O debate sobre discriminação de gênero na tributação fica mais acentuado e separa opiniões quando se trata do ICMS e IPI, de produtos voltados para o público feminino, como é o caso dos absorventes. Sucede-se que, o principio da seletividade é um princípio jurídico norteador do ICMS e do IPI, e isso significa que itens de consumo vistos como essenciais, devem receber uma tributação menor, mais baixa, do que itens considerados supérfluos.
A questão passa a ser: o absorvente é um item essencial ou não? O fato é que trata-se de um item essencial para as mulheres, e sendo assim, embora incida sobre os mesmos alíquota zero do IPI, os absorventes higiênicos podem chegar a ter tributação com incidência que chega a 34,48%, tendo em vista ICMS, PIS e COFINS, de acordo com o Impostômetro da Associação do Comércio de São Paulo. Em Geral, a alíquota interna do ICMS em Pernambuco que abrange absorventes higiênicos é de 18% conforme Art. 15, Inc. VII, ‘a’ da Lei Estatual Nº 15.730/2013 de Pernambuco.
No entanto, com base na mesma legislação, as operações com gipsita, gesso e derivados, a alíquota no Estado de Pernambuco é de 7% (Art. 15 Inc. VI, ‘b’), ou seja, uma alíquota 11% menor do que a alíquota geral que é aplicada para os absorventes, mesmo esse sendo um item de consumo essencial para as mulheres. Fica aqui a crítica, o que é realmente essencial para as pessoas, os absorventes higiênicos ou o gesso e produtos decorrentes?
O fato é que há discrepâncias entre a realidade fática e os dispositivos legais tributários, e não obstante a discrepância legislativa, nas hipóteses em que não há prejuízos explícitos, os efeitos negativos causados pelos dispositivos legais às mulheres são notados e evidenciam a desigualdade tributária advinda da injustiça fiscal com base no gênero.
Nesse diapasão, a regulação do mercado e do sistema econômico fez surgir vários estudos e debates sobre o pink tax, ou ‘taxa rosa, que, embora não se trate de um tributo especificamente, reflete diretamente nas políticas fiscais. O pink tax ou taxa rosa, é uma expressão que utilizada para retratar a diferença no preço dos bens de consumo que são direcionados para o público feminino.
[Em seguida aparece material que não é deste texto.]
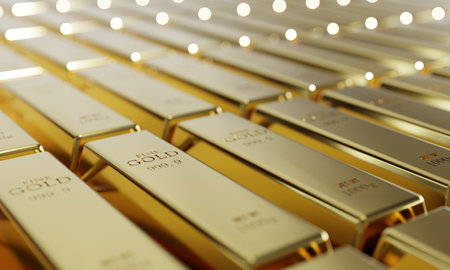 Shiny pure gold bars in a row background. Wealth and economic concept. Business gold future investment and money saving theme. 3D illustration rendering graphic designの写真素材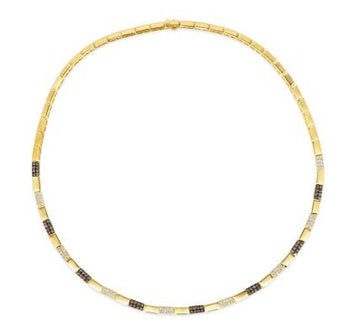 14KY "Honey" Gold Chocolate and Nude Diamond Necklace, 2.26 Carat TW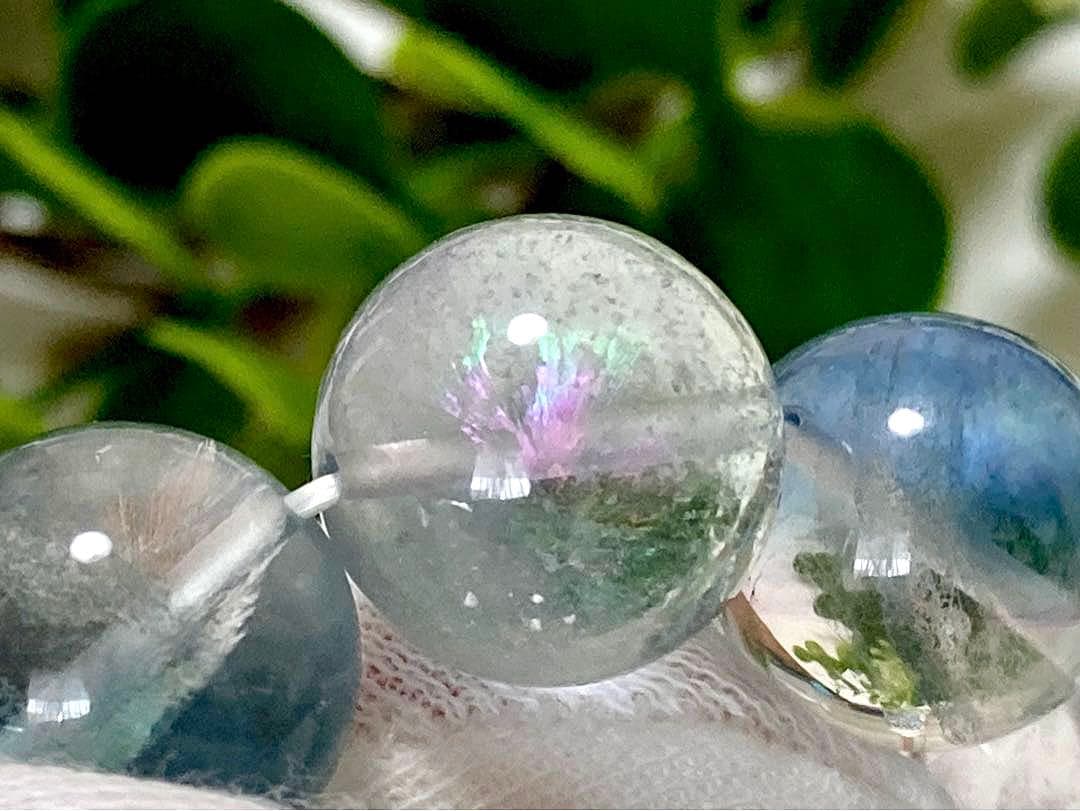 究極品質　異世界に煌めく幻想郷　虹を纏いしバイカラーフローライトの大珠ブレス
Ou seja, bens e produtos que, embora sejam idênticos, os preços praticados pelo mercado tendem a encarecer o valor quando há direcionamento de rótulos ou adaptações necessárias para atender as mulheres. Mesmo havendo produto similar para uso masculino com valor menor, essa discrepância fica ainda maior no caso dos absorventes, já que não há produto similar que seja direcionado aos homens, ou seja essa contribuição é custeada exclusivamente pelas mulheres em idade fértil no país.
Esta oportunidade não é capaz de exaurir a discursão do tema em questão, ainda assim, não podemos deixar de arrazoar e trazer a tona o debate. As controvérsias quanto as discriminações de gênero são amplas e com raízes aprofundadas que exigem disposição e interesse na pauta. É assim que o diálogo se evidencia e trás consigo a oportunidade para mudanças reais.